(Beginning of Extracted data)

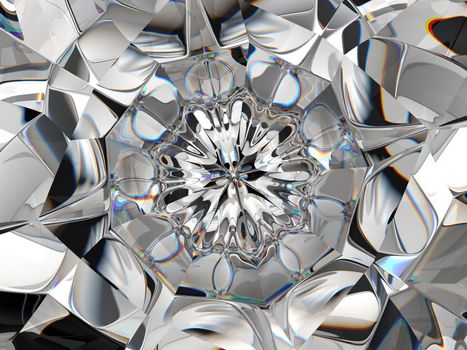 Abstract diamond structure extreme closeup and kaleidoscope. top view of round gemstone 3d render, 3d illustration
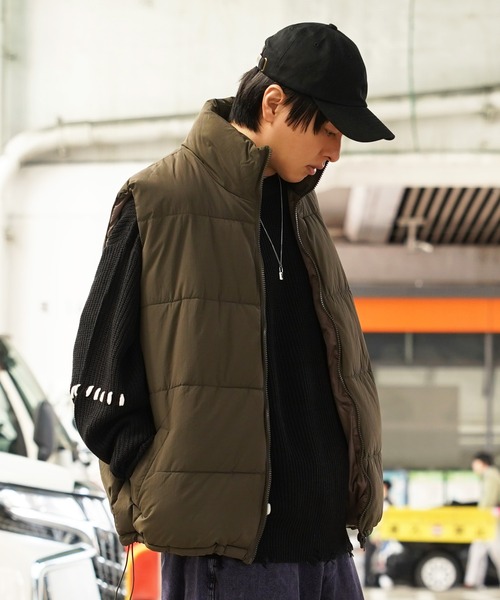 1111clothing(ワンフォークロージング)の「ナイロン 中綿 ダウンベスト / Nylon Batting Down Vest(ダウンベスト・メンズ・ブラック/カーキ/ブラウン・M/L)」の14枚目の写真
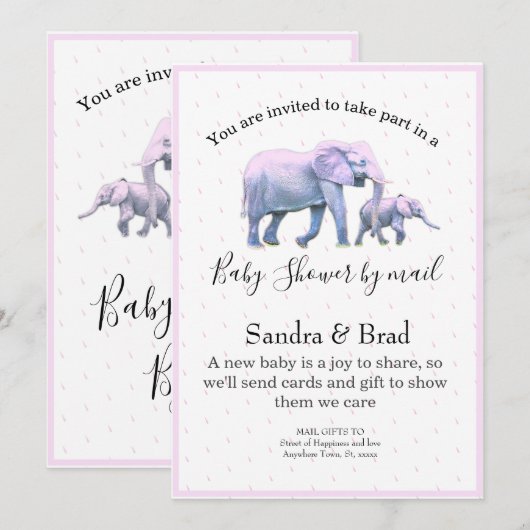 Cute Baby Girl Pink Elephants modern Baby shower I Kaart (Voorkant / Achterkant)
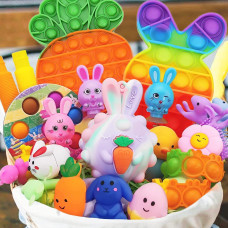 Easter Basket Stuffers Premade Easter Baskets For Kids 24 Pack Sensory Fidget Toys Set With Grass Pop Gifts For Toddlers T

(End of Extracted data)
(Beginning of Extracted data)

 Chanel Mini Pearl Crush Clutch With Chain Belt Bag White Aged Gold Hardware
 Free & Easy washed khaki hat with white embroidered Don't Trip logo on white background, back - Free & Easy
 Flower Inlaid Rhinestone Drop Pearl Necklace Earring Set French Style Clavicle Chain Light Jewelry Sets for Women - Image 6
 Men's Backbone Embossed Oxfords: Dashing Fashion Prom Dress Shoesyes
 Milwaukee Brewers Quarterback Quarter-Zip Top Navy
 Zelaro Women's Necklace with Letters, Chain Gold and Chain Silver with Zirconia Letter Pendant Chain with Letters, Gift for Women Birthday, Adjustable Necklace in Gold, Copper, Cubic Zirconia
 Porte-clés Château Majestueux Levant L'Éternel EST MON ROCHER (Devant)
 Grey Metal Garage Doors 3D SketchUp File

(End of Extracted data)

• [Work order]
Locate the word "Pearl" in the entries, and copy every line where it is found.

• [Response to this exercise]
 Chanel Mini Pearl Crush Clutch With Chain Belt Bag White Aged Gold Hardware
 Flower Inlaid Rhinestone Drop Pearl Necklace Earring Set French Style Clavicle Chain Light Jewelry Sets for Women - Image 6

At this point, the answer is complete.